▶ Problem
Your answer must be an exact repeat of the lines from the one containing "qrcode für Inline 75712S" through the last line of the records, both included, with no pictures.

▶ Entries provided

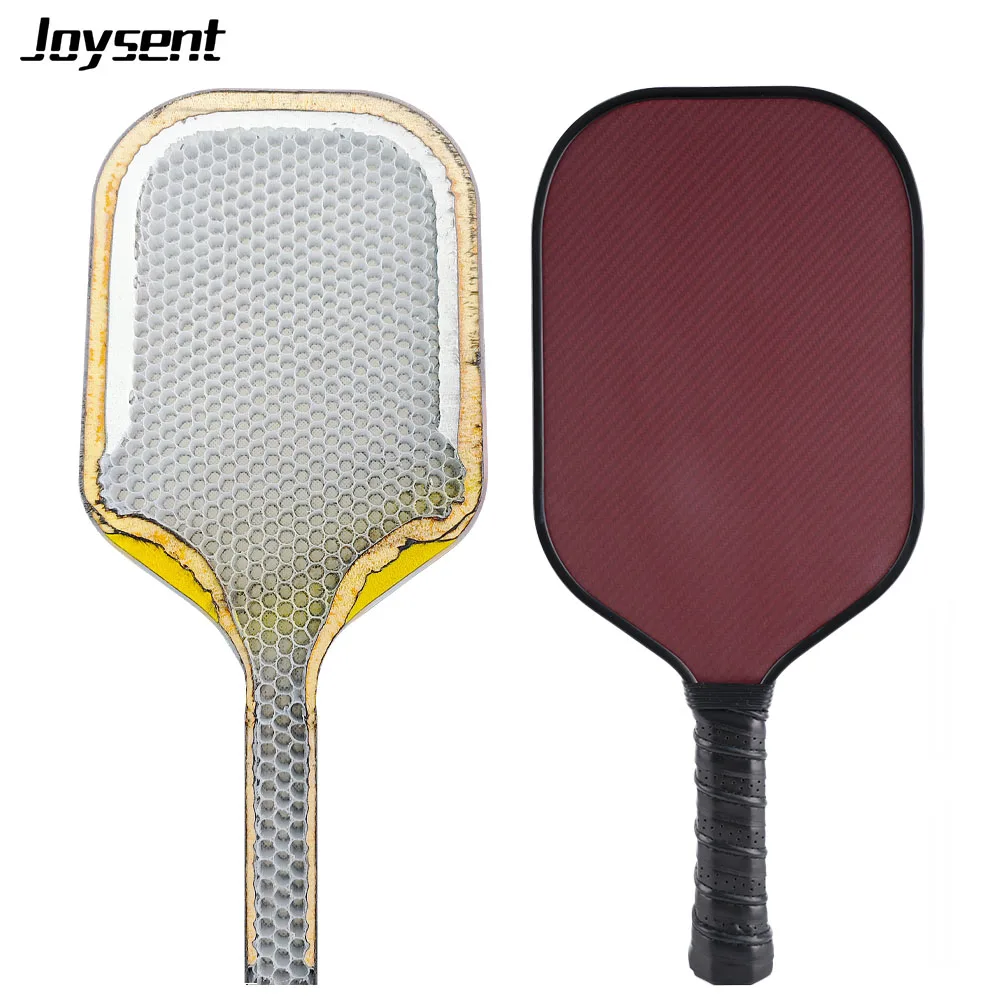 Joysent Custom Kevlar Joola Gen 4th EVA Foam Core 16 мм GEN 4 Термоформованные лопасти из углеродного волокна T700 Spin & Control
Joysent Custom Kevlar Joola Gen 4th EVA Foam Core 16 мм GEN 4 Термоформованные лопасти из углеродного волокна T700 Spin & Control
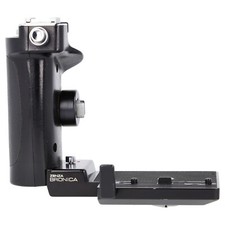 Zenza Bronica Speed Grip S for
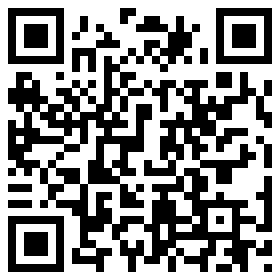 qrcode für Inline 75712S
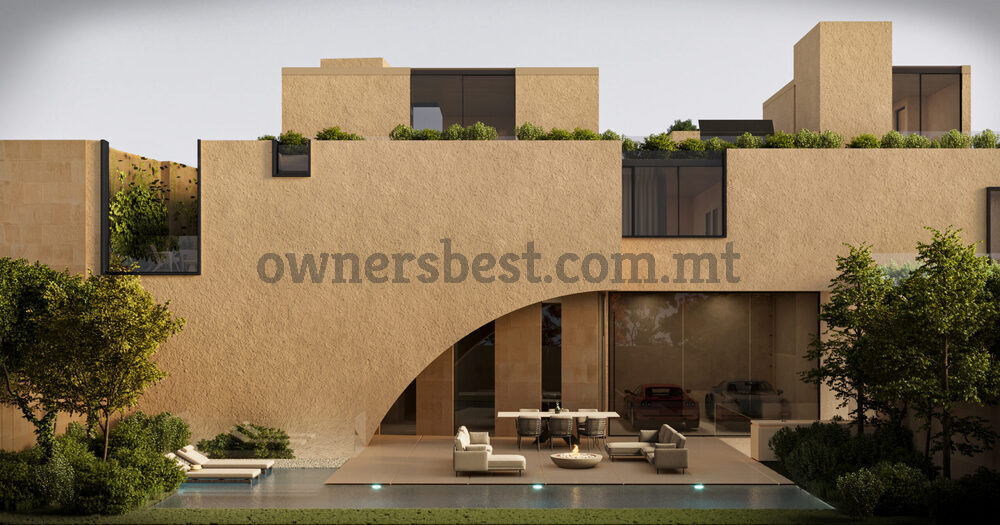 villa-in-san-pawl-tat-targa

▶ Exercise response
 qrcode für Inline 75712S
 villa-in-san-pawl-tat-targa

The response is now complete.